Exercise goal: I'd like an exact copy of every line from the start of the entries below through the line containing "CASOMAN Magnetic Toolbox", please.

##### Dataset extract

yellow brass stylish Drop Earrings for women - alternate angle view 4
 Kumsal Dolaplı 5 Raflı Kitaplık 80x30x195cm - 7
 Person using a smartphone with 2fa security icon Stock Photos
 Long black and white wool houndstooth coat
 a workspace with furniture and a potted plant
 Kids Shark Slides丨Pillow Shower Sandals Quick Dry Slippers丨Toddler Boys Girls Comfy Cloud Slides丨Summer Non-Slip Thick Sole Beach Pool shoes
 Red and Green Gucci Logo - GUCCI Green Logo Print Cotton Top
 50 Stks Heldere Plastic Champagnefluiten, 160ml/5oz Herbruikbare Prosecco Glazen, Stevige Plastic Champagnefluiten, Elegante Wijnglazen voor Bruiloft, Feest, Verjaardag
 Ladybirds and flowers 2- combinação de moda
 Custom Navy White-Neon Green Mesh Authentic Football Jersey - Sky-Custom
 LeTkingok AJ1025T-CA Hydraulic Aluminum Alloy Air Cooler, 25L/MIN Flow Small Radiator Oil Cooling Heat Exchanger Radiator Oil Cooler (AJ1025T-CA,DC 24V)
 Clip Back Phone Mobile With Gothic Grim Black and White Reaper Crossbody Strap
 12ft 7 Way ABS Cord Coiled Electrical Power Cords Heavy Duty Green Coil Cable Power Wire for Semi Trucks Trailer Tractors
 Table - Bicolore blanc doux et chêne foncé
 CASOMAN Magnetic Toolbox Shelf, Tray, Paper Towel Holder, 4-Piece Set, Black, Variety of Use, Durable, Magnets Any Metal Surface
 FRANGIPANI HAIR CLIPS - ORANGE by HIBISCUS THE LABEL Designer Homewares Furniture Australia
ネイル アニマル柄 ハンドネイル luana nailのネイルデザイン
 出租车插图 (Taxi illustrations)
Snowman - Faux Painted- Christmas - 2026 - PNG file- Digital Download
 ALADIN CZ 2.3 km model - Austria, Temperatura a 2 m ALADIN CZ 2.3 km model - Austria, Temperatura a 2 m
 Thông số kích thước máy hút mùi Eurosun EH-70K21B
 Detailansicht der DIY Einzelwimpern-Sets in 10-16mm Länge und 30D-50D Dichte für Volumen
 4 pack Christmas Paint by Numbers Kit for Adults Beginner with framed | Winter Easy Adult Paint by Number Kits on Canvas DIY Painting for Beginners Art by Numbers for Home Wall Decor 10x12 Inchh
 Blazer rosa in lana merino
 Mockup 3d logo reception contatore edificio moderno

##########

Exercise output:
yellow brass stylish Drop Earrings for women - alternate angle view 4
 Kumsal Dolaplı 5 Raflı Kitaplık 80x30x195cm - 7
 Person using a smartphone with 2fa security icon Stock Photos
 Long black and white wool houndstooth coat
 a workspace with furniture and a potted plant
 Kids Shark Slides丨Pillow Shower Sandals Quick Dry Slippers丨Toddler Boys Girls Comfy Cloud Slides丨Summer Non-Slip Thick Sole Beach Pool shoes
 Red and Green Gucci Logo - GUCCI Green Logo Print Cotton Top
 50 Stks Heldere Plastic Champagnefluiten, 160ml/5oz Herbruikbare Prosecco Glazen, Stevige Plastic Champagnefluiten, Elegante Wijnglazen voor Bruiloft, Feest, Verjaardag
 Ladybirds and flowers 2- combinação de moda
 Custom Navy White-Neon Green Mesh Authentic Football Jersey - Sky-Custom
 LeTkingok AJ1025T-CA Hydraulic Aluminum Alloy Air Cooler, 25L/MIN Flow Small Radiator Oil Cooling Heat Exchanger Radiator Oil Cooler (AJ1025T-CA,DC 24V)
 Clip Back Phone Mobile With Gothic Grim Black and White Reaper Crossbody Strap
 12ft 7 Way ABS Cord Coiled Electrical Power Cords Heavy Duty Green Coil Cable Power Wire for Semi Trucks Trailer Tractors
 Table - Bicolore blanc doux et chêne foncé
 CASOMAN Magnetic Toolbox Shelf, Tray, Paper Towel Holder, 4-Piece Set, Black, Variety of Use, Durable, Magnets Any Metal Surface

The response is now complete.